James Webb Telescope May Have Captured Most Distant Galaxy

James Webb Telescope Galaxy GLASS-z13
The James Webb Telescope may have captured the most distant galaxy, called GLASS-z13, which may have existed just three hundred million years after the Big Bang. Credit: NASA

NASA’s James Webb Space Telescope appears to have captured the most distant galaxy ever observed, one that researchers say existed only three hundred million years after the Big Bang.

Less than two weeks after NASA unveiled the first images from its largest and most powerful space science telescope, a study led by a graduate student in astronomy at Harvard University discovered the galaxy, called GLASS-z13, Vice reported.

That would eclipse NASA’s Hubble Space Telescope GLASS-z11 discovery—400 million years after the Big Bang in 2016; a more recent one, HD-1, dates to 330 million years after the Big Bang.

Galaxy May Be Most Distant and Earliest Known

For the latest discovery, more research is needed to confirm whether GLASS-z13 is actually the farthest and earliest-known galaxy.

In an email, lead researcher Rohan Naidu told Vice it’s “potentially the most distant galaxy ever, but we can’t tell if it is the oldest.” He added that “we might be observing it as it was ~300 [million years] after the Big Bang.

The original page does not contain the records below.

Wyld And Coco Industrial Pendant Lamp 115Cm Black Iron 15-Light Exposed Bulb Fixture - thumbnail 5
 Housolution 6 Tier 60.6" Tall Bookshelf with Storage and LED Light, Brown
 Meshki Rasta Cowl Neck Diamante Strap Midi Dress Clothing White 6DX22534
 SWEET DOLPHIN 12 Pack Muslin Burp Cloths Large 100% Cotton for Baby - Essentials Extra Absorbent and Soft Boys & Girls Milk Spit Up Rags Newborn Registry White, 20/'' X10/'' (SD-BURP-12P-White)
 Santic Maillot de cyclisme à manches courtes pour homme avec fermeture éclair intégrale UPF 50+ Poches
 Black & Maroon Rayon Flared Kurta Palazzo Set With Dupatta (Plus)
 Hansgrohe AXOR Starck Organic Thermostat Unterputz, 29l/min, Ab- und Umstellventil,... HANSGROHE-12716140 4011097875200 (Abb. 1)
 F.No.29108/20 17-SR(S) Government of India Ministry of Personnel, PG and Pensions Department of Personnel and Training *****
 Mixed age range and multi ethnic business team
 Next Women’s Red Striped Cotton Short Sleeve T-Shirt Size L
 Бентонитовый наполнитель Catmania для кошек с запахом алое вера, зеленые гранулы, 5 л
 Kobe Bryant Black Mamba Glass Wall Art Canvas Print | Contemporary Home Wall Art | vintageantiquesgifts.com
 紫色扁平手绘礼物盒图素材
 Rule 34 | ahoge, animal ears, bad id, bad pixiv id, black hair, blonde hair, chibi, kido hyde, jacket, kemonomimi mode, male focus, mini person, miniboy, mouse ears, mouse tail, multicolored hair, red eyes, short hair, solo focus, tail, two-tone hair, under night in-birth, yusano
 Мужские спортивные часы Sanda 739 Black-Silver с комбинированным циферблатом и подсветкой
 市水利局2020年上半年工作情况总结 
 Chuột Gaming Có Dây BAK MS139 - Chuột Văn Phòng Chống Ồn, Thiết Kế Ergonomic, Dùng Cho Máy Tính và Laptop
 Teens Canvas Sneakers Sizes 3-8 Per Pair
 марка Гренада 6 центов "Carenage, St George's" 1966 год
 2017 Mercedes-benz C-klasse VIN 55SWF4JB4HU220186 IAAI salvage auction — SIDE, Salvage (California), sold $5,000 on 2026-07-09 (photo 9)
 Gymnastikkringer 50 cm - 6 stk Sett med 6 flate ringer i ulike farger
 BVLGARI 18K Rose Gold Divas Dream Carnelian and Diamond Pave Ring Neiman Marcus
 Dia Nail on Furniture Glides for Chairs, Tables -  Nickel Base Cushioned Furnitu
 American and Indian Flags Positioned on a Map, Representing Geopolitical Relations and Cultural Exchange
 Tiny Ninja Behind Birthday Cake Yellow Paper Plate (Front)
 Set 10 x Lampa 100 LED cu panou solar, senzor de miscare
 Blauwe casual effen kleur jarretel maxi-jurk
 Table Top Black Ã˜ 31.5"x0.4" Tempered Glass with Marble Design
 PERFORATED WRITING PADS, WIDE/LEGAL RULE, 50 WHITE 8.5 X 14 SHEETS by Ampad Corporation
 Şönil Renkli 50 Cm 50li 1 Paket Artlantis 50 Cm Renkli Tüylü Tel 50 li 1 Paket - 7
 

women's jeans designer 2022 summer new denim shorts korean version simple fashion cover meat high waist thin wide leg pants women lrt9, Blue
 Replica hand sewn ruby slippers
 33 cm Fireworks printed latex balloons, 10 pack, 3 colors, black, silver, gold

It could have just formed recently, or could have formed even farther back—we can’t quite tell yet.”

This month, the public saw the first results from the James Webb Space Telescope, which captured a stunning image showing thousands of ancient galaxies deep in space. The picture provided the deepest glimpse into the cosmos yet.

The $10 billion Webb Telescope’s sensitive and sharp Near-Infrared Camera (NIRCam) was able to etch out tiny details from deep space unlike any that have been captured in the past.

US President Joe Biden revealed the image, which shows a cluster of galaxies deep in space called SMACS 0723. On July 11th, the White House also referred to the galaxy cluster as First Deep Field. More images have followed, each one awe-inspiring.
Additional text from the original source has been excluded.